Quizá pensemos que la disyuntiva planteada sea innecesaria. “Aplaudimos porque valoramos”, objetará quien no se encuentre cómodo con la pregunta. No te quedes aquí. Te reto a ver cómo el aplauso (hoy en forma de clics, likes o visualizaciones) y la valoración se excluyen.
Aplaudimos al final de un espectáculo de entretenimiento o, por qué no, cuando alguien dice algo que nos hace vibrar por dentro (o publica algo que nos gusta). Sin embargo, el entretenimiento y la vibración desaparecen al extinguirse las últimas palmadas del público entregado. La vida sigue igual.
Por otra parte, hay historias, textos o vidas que arrancan de nosotros una admiración silenciosa mucho más elocuente que los ruidosos y desacompasados aplausos. Algo que nos trabaja por dentro. Pensemos en grandes santos a los que la lectura, combinada con tiempos de silencio orante, les hizo virar el rumbo. Lo que valoramos nos impulsa a cambiar. Se convierte en brújula que guía nuestras decisiones, empezando por las más cotidianas.
Lo que valoramos nos impulsa a cambiar.
La cultura del espectáculo, de la que participamos los cristianos y nuestras instituciones, puede estar detrás (sumándose a otras muchas causas) de la crisis de vocaciones en la Iglesia.

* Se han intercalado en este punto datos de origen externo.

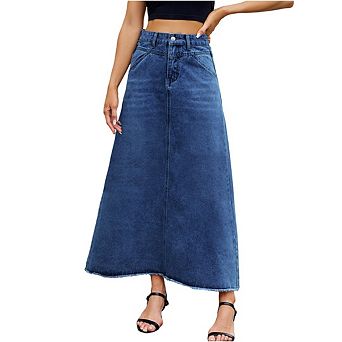 Women Vintage Denim Maxi Skirt Frayed Raw Hem High Waist A-Line Long Jean Skirt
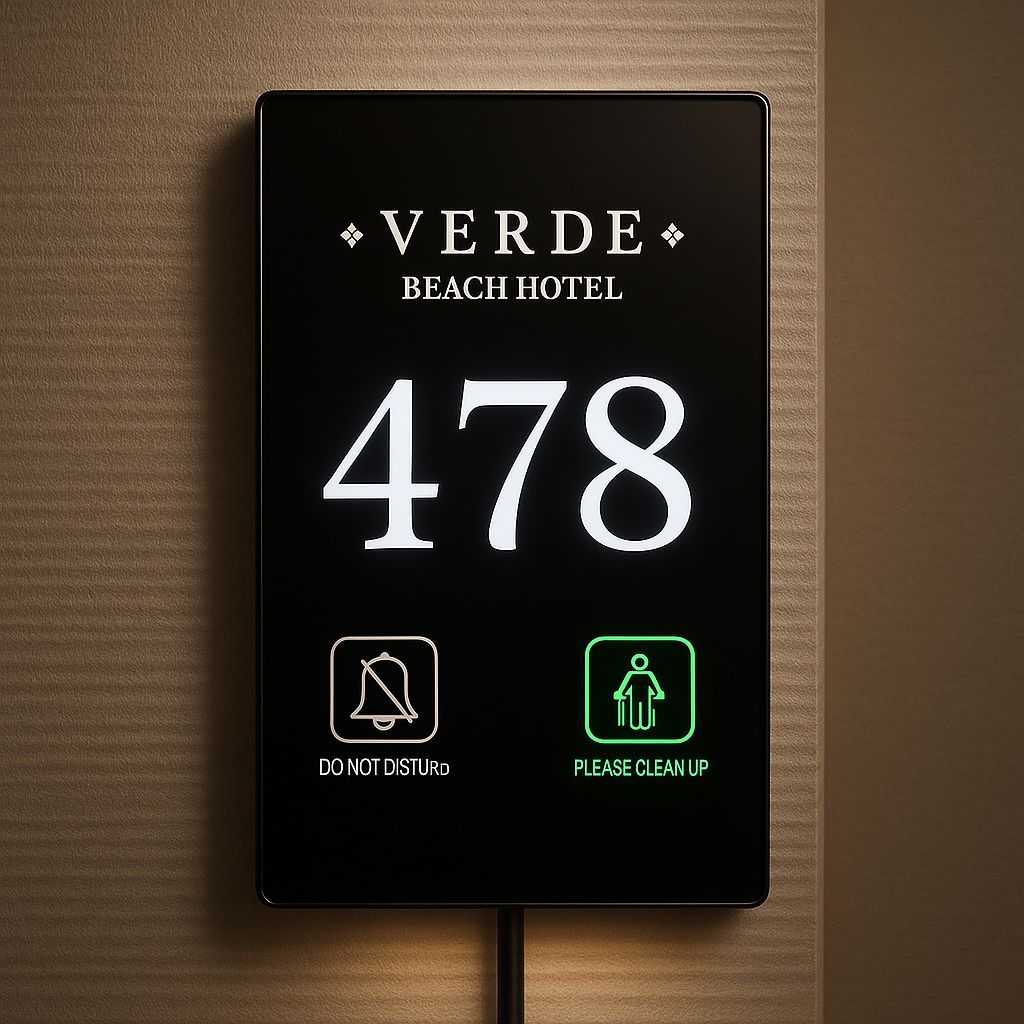Smart Room Number Panel – LED Illuminated, Do Not Disturb (DND) & Cleaning Indicator - Otimsan Shop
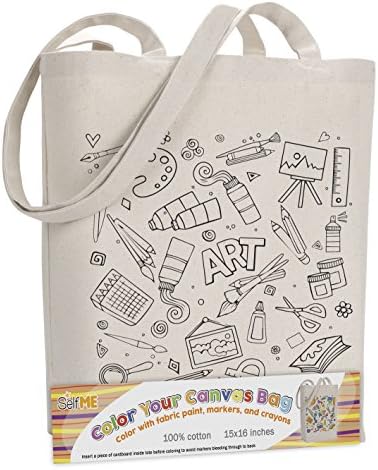 Canvas tote bag, color or paint, Natural cotton reusable canvas bag 15 x 16 inches, Exciting project for kids and adults alike. SelfMe (ART)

Disfrutamos leyendo o escuchando testimonios de jóvenes que entregan su vida desde la vida religiosa o el sacerdocio, vibramos con historias de amor protagonizadas por matrimonios que pasan victoriosos por mil dificultades, nos emocionamos escuchando a personas que se desgastan por los más pobres… y además hacemos videos, documentales y publicaciones sobre ellos. Convertimos lo más valioso de la vida cristiana en productos de consumo ante los que aplaudir. Y quizá olvidamos que todos esos protagonistas, para llegar a vivir de verdad esas opciones, se han preguntado en el silencio y la soledad por lo que de verdad importa. El aplauso impulsa, pero solo lo que se valora hace perseverar, crecer y dar fruto.